(Extracted data entries)
○ ○ ○ ○
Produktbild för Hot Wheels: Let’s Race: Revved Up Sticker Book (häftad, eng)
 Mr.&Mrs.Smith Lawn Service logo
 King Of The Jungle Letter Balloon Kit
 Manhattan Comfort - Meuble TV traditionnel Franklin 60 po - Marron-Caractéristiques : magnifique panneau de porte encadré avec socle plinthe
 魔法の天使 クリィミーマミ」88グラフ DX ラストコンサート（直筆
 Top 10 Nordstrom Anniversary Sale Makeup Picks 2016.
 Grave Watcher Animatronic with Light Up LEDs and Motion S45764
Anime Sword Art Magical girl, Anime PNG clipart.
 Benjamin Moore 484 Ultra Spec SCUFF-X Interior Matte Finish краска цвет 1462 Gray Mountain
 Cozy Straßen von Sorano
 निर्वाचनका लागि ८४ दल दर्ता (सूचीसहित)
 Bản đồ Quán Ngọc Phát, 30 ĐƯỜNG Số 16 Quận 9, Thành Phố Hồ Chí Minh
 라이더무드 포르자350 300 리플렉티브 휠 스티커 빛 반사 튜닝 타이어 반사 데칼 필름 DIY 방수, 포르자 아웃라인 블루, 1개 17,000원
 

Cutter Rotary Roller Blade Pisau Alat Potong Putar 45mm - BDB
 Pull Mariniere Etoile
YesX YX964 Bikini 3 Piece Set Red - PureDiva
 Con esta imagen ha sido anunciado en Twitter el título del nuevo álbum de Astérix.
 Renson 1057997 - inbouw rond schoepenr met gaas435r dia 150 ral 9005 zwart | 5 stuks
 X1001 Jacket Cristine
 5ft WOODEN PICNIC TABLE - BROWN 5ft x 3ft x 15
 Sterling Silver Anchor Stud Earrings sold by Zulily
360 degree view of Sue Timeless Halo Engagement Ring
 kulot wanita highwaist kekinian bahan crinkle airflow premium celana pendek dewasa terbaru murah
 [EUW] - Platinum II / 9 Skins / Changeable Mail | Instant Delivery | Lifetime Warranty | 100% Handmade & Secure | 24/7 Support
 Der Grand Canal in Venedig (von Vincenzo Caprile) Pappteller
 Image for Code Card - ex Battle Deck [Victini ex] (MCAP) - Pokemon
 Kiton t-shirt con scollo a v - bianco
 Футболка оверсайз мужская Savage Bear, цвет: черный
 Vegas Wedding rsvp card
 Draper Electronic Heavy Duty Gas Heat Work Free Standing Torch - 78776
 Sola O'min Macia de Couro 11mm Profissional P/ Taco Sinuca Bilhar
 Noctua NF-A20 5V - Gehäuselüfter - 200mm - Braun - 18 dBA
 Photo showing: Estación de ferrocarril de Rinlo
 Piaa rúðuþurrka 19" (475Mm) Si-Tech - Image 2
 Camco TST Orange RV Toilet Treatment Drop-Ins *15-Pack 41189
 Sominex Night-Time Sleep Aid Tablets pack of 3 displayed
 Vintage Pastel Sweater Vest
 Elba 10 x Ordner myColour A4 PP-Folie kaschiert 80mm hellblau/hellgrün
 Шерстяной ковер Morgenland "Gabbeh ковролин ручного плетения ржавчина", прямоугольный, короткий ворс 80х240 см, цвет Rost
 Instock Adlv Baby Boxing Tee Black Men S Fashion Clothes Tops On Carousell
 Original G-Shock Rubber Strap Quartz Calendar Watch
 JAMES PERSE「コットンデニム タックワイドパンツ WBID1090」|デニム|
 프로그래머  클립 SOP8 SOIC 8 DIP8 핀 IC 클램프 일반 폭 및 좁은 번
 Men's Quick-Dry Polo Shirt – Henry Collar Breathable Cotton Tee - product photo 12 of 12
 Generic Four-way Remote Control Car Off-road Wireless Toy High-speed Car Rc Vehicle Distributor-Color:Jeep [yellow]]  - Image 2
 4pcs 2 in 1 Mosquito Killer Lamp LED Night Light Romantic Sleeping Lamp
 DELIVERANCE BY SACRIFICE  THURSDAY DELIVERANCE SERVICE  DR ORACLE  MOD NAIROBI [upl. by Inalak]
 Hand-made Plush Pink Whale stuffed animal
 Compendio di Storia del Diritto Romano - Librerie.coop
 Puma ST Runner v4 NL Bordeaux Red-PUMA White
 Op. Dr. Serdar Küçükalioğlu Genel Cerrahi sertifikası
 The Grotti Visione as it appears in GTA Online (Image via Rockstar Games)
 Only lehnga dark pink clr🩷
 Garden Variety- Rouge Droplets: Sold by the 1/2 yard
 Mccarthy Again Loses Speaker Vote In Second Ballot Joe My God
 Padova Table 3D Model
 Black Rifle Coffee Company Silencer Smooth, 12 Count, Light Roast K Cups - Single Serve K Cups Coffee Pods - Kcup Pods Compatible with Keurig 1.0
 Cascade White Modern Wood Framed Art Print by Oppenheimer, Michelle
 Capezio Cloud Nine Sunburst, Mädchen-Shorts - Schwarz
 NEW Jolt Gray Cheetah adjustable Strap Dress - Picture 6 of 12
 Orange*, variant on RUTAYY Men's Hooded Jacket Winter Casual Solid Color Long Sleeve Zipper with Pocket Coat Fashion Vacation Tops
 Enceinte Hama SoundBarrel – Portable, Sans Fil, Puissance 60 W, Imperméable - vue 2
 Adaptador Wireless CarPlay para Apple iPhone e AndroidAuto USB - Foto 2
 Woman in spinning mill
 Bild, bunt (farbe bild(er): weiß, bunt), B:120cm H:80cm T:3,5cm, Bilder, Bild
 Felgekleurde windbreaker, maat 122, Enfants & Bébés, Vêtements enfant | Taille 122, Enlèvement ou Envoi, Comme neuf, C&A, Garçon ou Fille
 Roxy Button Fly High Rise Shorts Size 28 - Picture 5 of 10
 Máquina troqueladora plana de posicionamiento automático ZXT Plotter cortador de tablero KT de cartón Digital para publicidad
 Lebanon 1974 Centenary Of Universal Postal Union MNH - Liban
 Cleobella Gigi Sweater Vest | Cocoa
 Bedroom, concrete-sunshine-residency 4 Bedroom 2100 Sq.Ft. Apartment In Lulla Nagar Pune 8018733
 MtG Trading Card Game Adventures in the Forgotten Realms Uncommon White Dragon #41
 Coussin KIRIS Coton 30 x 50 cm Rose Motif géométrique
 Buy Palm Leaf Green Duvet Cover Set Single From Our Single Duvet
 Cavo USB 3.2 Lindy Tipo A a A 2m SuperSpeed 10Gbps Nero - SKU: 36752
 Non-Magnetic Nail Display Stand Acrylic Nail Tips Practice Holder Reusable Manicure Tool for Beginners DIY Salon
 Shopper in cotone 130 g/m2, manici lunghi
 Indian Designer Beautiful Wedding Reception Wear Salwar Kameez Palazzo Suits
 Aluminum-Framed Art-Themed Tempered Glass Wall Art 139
○ ○ ○ ○
About this exercise
With the first line being the one containing "Noctua NF-A20 5V" and the last line the one containing "DELIVERANCE BY SACRIFICE", transcribe exactly the lines above that fall in that range.

Task response
 Noctua NF-A20 5V - Gehäuselüfter - 200mm - Braun - 18 dBA
 Photo showing: Estación de ferrocarril de Rinlo
 Piaa rúðuþurrka 19" (475Mm) Si-Tech - Image 2
 Camco TST Orange RV Toilet Treatment Drop-Ins *15-Pack 41189
 Sominex Night-Time Sleep Aid Tablets pack of 3 displayed
 Vintage Pastel Sweater Vest
 Elba 10 x Ordner myColour A4 PP-Folie kaschiert 80mm hellblau/hellgrün
 Шерстяной ковер Morgenland "Gabbeh ковролин ручного плетения ржавчина", прямоугольный, короткий ворс 80х240 см, цвет Rost
 Instock Adlv Baby Boxing Tee Black Men S Fashion Clothes Tops On Carousell
 Original G-Shock Rubber Strap Quartz Calendar Watch
 JAMES PERSE「コットンデニム タックワイドパンツ WBID1090」|デニム|
 프로그래머  클립 SOP8 SOIC 8 DIP8 핀 IC 클램프 일반 폭 및 좁은 번
 Men's Quick-Dry Polo Shirt – Henry Collar Breathable Cotton Tee - product photo 12 of 12
 Generic Four-way Remote Control Car Off-road Wireless Toy High-speed Car Rc Vehicle Distributor-Color:Jeep [yellow]]  - Image 2
 4pcs 2 in 1 Mosquito Killer Lamp LED Night Light Romantic Sleeping Lamp
 DELIVERANCE BY SACRIFICE  THURSDAY DELIVERANCE SERVICE  DR ORACLE  MOD NAIROBI [upl. by Inalak]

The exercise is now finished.